++++ Study material ++++

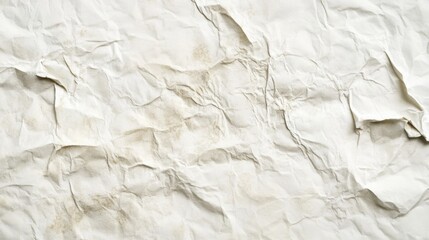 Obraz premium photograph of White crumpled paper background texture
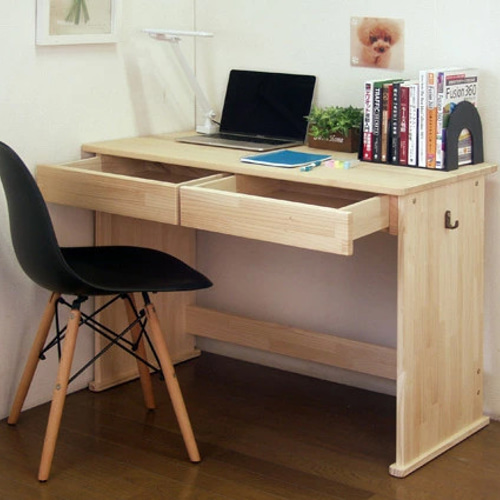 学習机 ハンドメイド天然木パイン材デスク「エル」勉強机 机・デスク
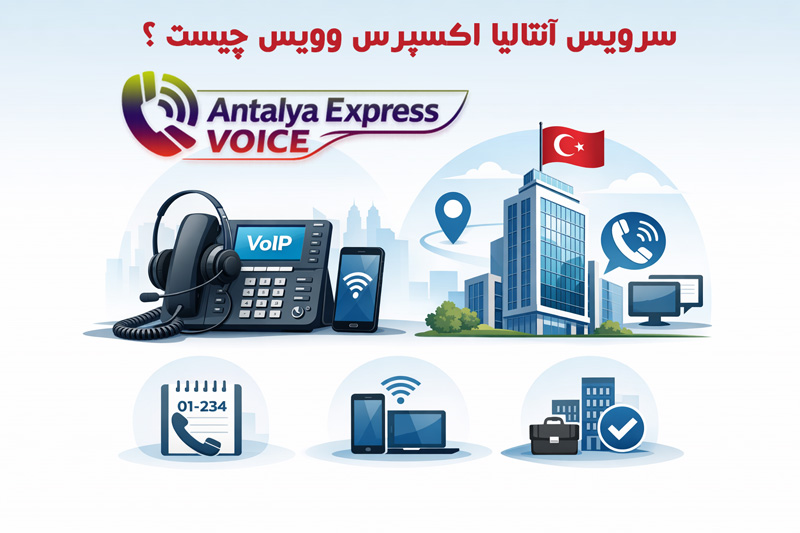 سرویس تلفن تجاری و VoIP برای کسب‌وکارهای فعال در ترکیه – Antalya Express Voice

++++
++++ Study material ++++

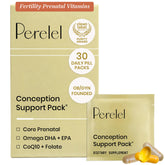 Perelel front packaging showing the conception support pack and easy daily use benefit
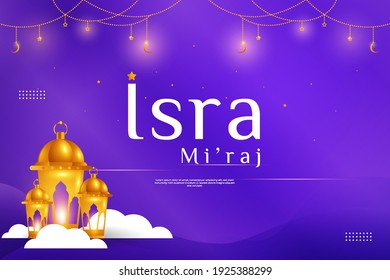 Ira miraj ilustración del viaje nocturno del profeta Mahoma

++++

• Instructions for the task: Nothing but the lines from the one containing "Obraz premium photograph" through the one containing "سرویس تلفن تجاری" should appear, copied exactly from the material above and without pictures.

• Solution:
 Obraz premium photograph of White crumpled paper background texture
 学習机 ハンドメイド天然木パイン材デスク「エル」勉強机 机・デスク
 سرویس تلفن تجاری و VoIP برای کسب‌وکارهای فعال در ترکیه – Antalya Express Voice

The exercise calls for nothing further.